**Provided material**
----------

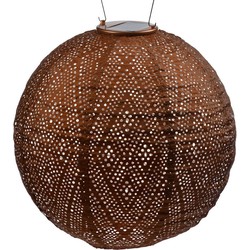 Lumiz Solar Buitenlampion Ikat Rond - Solar Tuinverlichting - 30 cm - Koper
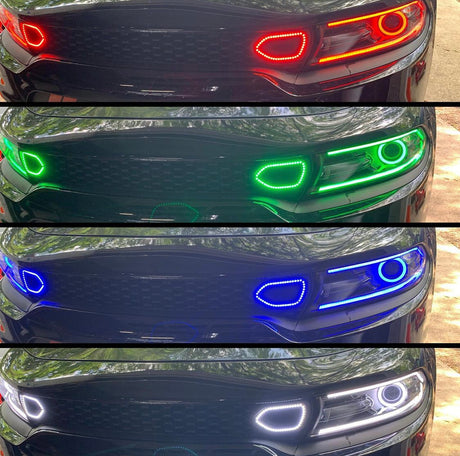 2015-2023 Dodge Charger RGBW Color Chasing LED Grill Snorkel Air Intake Halo Kit LED headlight kit AutoLEDTech Oracle Lighting Trendz Flow Series RGBHaloKits OneUpLighting Morimoto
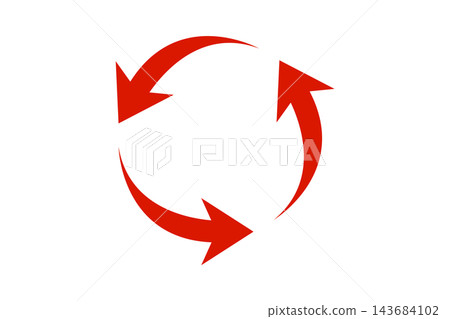 A vibrant red against a white background, with three arrows forming a circle—a symbol of circulation. Recycling, reuse, renewal, rotation, and repetition. A vibrant red against a white background, with three arrows forming a circle—a symbol of circulation. Recycling, reuse, renewal, rotation, and repetition. 143684102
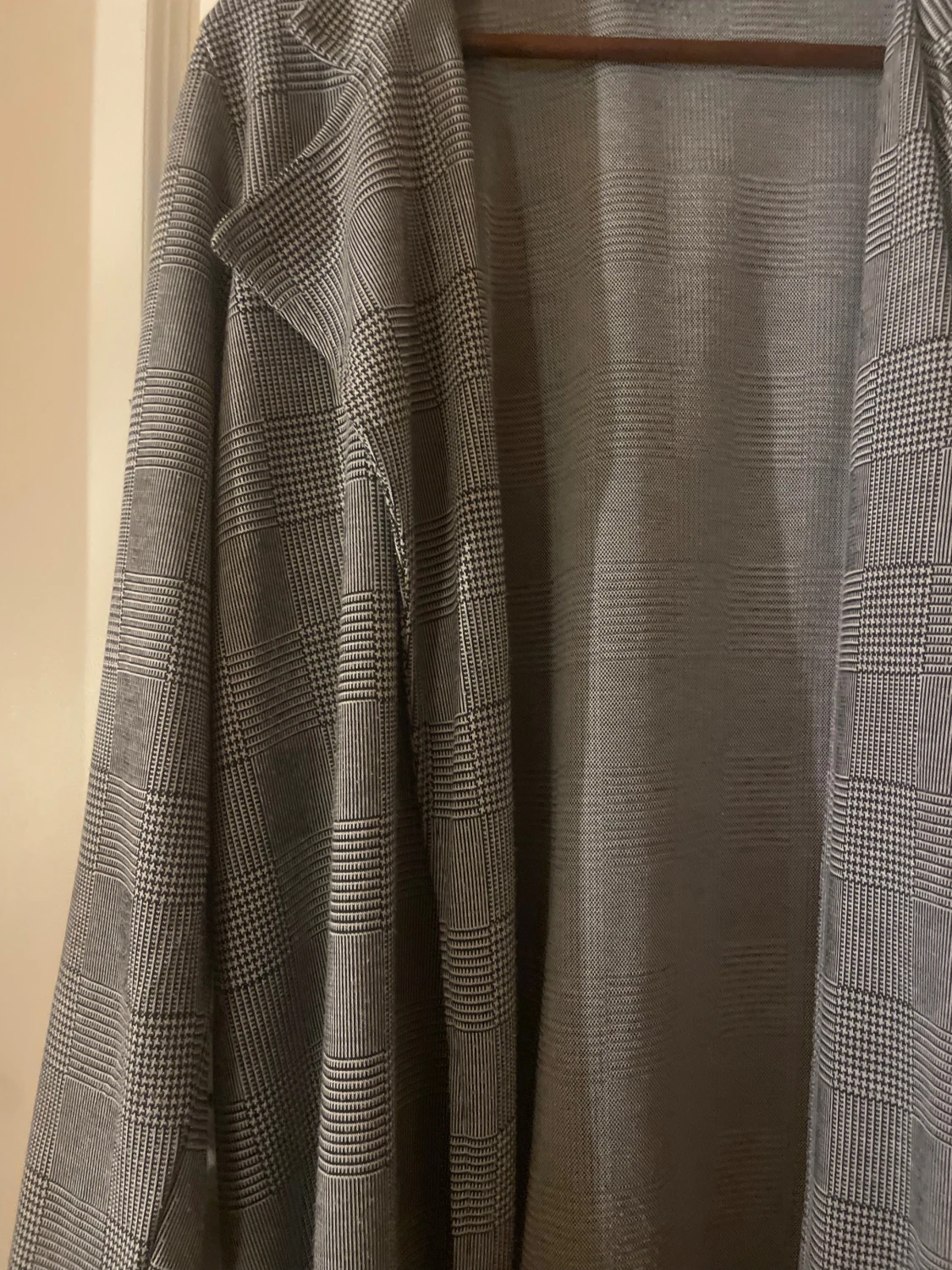 Grå rutig lång kappa från Sisters point  - 1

----------

Retype the data above exactly, dropping every picture.

**Completed exercise**
 Lumiz Solar Buitenlampion Ikat Rond - Solar Tuinverlichting - 30 cm - Koper
 2015-2023 Dodge Charger RGBW Color Chasing LED Grill Snorkel Air Intake Halo Kit LED headlight kit AutoLEDTech Oracle Lighting Trendz Flow Series RGBHaloKits OneUpLighting Morimoto
 A vibrant red against a white background, with three arrows forming a circle—a symbol of circulation. Recycling, reuse, renewal, rotation, and repetition. A vibrant red against a white background, with three arrows forming a circle—a symbol of circulation. Recycling, reuse, renewal, rotation, and repetition. 143684102
 Grå rutig lång kappa från Sisters point  - 1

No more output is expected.